What You're Really Worth

Recently, I won an award.

It’s not my first award, but it was a big one in my universe.  (I mean, it’s no Nobel Peace Prize, but then again I don’t have a Ph.D in biophysics.  Is that a thing, biophysics?  It sounds like a thing.  Ahem, I digress.)

I am a big fan of awards.  Awards and promotions and honors and recognitions and election victories.  Bring ‘em on.  It’s the competitor in me.  I grew up playing fierce games of Monopoly, so I blame my mother.  

Now there’s nothing wrong with appreciating recognition bestowed because of your hard work or successful victory.  But what happened to me, and what happens all too often in the workplace today, is that the award or the promotion or the accolade begins to define us.  A thirst for the next recognition drives us instead of more laudable drivers like making the world a better place or improving the company’s performance.  

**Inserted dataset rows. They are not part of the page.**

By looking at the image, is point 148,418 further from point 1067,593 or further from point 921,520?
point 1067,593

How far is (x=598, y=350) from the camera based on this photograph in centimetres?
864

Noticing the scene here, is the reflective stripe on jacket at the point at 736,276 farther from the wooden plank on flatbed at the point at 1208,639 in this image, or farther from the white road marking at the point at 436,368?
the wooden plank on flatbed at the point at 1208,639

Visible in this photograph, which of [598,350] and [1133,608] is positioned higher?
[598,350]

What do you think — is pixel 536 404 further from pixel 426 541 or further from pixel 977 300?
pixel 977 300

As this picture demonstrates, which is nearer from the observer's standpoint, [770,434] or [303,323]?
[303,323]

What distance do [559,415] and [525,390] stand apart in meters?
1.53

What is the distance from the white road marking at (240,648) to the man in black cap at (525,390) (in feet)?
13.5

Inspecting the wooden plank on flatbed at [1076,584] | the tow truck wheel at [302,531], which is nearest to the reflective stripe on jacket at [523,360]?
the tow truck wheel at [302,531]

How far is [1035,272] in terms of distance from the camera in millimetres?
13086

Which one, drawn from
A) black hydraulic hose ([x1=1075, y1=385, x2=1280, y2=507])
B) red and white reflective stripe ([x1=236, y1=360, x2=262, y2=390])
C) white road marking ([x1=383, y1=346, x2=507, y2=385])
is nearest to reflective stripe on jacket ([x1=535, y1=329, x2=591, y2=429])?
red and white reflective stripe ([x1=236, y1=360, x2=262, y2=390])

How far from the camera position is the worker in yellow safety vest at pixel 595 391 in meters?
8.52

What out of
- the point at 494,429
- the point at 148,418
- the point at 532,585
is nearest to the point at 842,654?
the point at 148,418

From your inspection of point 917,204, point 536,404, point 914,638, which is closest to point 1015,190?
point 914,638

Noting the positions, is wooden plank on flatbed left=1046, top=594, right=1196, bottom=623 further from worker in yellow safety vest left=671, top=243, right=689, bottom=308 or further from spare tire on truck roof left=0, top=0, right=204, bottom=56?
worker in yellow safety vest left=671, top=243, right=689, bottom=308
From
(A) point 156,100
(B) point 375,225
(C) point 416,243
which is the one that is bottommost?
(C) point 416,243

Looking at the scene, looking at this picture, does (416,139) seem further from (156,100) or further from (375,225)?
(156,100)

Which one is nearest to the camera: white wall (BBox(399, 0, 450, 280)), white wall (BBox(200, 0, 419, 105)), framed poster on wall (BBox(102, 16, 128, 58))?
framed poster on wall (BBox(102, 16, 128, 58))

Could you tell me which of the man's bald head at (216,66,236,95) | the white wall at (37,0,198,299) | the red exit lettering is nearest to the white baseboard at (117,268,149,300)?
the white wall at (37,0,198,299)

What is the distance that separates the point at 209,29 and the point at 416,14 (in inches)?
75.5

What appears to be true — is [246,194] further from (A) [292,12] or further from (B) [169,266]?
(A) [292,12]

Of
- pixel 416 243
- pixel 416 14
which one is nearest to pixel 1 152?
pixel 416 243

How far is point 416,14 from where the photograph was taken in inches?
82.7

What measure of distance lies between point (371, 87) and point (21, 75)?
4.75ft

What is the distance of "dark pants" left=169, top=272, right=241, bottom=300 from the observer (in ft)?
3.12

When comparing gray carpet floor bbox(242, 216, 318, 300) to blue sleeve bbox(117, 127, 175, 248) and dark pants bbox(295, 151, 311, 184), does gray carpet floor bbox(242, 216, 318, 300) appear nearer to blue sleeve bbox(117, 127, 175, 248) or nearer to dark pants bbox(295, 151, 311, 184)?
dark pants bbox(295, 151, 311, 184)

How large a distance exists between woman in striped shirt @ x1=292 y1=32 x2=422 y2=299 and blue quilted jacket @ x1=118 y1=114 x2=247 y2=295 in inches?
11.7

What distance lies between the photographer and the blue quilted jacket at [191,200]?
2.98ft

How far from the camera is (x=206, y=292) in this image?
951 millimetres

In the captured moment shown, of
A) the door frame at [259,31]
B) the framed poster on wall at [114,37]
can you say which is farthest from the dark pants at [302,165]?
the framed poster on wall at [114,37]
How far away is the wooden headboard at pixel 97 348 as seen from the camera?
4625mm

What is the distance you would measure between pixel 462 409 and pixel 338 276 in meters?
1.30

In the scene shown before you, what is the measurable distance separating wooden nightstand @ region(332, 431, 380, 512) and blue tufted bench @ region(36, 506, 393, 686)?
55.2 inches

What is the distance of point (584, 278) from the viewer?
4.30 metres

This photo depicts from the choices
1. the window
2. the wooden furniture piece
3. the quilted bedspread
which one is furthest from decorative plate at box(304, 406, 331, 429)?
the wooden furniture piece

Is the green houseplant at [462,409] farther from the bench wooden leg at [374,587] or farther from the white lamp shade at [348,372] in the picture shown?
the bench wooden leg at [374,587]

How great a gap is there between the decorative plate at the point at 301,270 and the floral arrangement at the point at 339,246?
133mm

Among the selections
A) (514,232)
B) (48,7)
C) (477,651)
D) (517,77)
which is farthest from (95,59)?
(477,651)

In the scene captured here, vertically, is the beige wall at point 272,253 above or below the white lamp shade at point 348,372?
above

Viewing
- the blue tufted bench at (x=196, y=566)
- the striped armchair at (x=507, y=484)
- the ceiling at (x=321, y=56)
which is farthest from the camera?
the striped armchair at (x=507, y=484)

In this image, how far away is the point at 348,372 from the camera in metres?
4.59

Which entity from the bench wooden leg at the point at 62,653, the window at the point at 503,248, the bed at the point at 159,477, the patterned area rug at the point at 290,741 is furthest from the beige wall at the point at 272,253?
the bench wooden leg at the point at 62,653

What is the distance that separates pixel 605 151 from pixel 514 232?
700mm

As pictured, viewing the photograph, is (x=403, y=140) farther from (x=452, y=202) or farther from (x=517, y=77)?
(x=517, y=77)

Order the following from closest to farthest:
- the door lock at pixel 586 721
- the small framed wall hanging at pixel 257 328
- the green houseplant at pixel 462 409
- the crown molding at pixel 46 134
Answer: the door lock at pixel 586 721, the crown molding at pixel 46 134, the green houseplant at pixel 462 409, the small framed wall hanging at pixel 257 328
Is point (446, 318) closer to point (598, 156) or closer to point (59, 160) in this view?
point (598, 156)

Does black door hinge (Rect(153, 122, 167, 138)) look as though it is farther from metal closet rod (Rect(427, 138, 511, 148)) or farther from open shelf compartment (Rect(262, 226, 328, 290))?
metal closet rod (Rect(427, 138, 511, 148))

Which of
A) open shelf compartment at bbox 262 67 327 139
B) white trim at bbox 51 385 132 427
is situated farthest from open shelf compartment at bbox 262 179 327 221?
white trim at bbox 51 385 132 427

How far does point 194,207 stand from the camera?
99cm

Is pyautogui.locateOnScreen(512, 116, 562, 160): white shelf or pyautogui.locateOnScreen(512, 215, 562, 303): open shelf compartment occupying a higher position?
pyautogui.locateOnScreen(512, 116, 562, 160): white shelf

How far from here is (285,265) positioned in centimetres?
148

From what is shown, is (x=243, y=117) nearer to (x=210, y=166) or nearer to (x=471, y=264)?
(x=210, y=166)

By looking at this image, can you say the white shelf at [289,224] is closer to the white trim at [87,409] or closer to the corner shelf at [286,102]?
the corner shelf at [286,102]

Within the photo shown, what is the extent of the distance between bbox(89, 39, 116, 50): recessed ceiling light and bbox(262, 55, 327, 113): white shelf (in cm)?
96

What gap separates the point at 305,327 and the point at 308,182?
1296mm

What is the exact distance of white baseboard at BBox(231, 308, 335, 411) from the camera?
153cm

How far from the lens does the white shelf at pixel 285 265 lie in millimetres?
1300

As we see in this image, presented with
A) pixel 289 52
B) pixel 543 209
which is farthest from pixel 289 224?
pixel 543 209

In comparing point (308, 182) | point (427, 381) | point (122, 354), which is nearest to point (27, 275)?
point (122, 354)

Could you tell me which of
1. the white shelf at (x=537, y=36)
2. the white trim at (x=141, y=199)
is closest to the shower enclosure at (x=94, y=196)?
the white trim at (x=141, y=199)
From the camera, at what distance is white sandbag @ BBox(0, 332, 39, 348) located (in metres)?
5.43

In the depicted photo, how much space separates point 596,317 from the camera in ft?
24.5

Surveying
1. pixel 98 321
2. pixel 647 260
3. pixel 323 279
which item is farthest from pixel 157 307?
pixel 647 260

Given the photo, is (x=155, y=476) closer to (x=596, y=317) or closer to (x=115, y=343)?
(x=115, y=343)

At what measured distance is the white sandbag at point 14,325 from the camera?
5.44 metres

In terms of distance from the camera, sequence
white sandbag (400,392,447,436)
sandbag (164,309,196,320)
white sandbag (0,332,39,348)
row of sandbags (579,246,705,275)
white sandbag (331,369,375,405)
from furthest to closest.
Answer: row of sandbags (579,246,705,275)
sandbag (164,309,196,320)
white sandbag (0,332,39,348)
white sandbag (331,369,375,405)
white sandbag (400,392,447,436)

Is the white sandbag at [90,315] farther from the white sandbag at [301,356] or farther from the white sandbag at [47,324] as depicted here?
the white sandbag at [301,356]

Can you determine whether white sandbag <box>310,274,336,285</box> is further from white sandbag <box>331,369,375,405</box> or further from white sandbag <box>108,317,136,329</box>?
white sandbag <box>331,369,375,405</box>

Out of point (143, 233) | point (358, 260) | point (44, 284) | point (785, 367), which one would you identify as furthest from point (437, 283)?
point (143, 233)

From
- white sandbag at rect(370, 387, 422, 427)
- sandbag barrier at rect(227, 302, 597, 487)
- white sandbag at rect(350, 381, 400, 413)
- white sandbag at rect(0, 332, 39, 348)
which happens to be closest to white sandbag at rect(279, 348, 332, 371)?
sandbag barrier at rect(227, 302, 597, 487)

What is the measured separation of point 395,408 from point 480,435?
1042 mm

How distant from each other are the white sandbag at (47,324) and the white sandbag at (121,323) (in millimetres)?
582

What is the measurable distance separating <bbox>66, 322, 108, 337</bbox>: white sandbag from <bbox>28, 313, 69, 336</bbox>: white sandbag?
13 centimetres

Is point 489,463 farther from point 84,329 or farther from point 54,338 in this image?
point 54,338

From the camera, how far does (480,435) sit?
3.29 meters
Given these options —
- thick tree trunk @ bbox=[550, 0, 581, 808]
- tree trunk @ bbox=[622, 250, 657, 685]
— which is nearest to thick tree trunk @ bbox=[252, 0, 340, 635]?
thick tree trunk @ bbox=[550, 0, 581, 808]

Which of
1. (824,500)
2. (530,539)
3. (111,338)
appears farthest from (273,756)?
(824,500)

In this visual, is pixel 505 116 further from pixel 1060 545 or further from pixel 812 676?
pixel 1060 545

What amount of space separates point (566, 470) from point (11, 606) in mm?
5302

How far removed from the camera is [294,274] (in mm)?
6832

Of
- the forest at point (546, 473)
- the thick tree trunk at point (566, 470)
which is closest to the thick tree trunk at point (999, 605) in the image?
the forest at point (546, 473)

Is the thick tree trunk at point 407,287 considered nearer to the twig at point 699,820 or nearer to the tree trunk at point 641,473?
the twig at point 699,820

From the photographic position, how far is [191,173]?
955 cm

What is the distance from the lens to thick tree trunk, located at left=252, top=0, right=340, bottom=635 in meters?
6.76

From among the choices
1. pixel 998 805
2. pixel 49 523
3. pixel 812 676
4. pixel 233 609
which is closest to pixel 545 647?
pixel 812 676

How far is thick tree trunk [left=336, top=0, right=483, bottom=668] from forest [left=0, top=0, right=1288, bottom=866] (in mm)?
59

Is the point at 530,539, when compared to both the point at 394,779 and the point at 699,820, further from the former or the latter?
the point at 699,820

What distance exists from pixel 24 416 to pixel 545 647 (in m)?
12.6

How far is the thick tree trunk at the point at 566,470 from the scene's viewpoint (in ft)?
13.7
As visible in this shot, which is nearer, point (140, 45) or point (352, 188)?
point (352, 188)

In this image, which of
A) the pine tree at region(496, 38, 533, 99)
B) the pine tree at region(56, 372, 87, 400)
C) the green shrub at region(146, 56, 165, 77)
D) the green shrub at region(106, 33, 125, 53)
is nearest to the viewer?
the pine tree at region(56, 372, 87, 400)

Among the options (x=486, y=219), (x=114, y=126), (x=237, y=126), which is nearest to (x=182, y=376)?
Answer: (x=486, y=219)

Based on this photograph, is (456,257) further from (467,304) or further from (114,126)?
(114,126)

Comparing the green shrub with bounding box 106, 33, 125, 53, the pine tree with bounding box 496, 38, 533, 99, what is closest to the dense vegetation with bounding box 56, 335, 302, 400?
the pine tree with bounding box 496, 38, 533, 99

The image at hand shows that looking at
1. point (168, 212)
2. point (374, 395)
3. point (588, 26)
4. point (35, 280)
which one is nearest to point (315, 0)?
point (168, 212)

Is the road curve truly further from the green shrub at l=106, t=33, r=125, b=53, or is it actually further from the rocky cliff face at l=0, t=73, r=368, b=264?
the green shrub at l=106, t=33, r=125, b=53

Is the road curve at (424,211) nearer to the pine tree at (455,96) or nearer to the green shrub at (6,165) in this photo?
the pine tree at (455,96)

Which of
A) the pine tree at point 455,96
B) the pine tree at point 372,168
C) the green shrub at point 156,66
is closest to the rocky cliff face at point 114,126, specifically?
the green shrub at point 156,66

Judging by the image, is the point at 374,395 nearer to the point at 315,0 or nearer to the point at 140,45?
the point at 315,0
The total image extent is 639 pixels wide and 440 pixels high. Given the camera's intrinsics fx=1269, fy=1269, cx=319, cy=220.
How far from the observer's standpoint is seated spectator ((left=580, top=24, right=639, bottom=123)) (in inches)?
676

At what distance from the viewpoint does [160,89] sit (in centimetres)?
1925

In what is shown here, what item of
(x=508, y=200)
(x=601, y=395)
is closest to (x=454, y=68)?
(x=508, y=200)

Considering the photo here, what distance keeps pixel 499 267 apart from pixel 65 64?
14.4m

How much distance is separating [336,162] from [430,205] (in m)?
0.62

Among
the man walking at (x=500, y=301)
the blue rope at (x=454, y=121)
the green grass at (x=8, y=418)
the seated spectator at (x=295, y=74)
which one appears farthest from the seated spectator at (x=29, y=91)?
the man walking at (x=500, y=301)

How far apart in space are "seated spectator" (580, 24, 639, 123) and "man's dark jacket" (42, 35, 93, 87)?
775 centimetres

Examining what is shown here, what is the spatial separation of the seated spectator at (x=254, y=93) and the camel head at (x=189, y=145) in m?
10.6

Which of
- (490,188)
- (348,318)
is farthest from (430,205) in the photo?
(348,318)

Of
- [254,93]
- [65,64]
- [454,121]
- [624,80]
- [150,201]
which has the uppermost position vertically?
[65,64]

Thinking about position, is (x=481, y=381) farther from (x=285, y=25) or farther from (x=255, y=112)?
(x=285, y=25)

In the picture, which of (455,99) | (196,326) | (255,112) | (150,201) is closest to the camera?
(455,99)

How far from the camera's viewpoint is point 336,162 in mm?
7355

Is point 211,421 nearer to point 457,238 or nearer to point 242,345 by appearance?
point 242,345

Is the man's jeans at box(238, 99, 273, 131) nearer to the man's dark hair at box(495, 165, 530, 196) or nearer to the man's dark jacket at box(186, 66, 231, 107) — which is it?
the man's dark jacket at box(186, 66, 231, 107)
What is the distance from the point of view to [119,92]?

Then you and I starting swinging wildly on an unpredictable pendulum.  A pendulum that allows uncertain outside factors to determine our value.  After close to two decades in my career, I have learned that for every award you win or job opportunity that finds you, there are three more that you lose.  Then those losses you wear around your neck in shame just as you wore the victories in pride.  

I remember vividly a period in my career when I was very concerned about being laid off.  The economy had soured and every week another colleague or friend received bad news.  It had been some time since I landed a big client or won a notable recognition, and I knew that employers can forget past successes in hard times.  I interviewed with several companies.  Always making it into final contention, and even once getting an offer, but never actually landing the job.  I didn’t even want the jobs I interviewed for, but I had grown desperate thinking that my worth hinged on my bank account or title rather than on who God said I was and how He said He would provide for me.  It was during that dark valley that I realized I had allowed my worth to be determined by others and their constantly changing measuring stick rather than by God’s unmoving unchanging valuation.

He says:

I am destined for a specific purpose (Eph. 2:10, II Cor. 5:5, Jer. 29:11, Rom. 8:28);

I am loved (Jer.31:3, I John 3:1-2, Eph. 2:4, Rom. 5:8, Eph. 3:17-19);

I am chosen (Deut. 14:1-2, Col. 3:12, I Peter 2:9, I Thes. 1:4);

I am a conqueror (Rom. 8, I John 4:4, I Cor. 15:57-58);

And SO much more.  

Wear those labels over your heart as measures of your worth.  Then let the awards come (and go).  Be thankful for the opportunities they bring.  But step off the pendulum that measures your worth by an ever changing outside standard and instead stand strong on the Rock knowing how your Heavenly Father sees you every single day.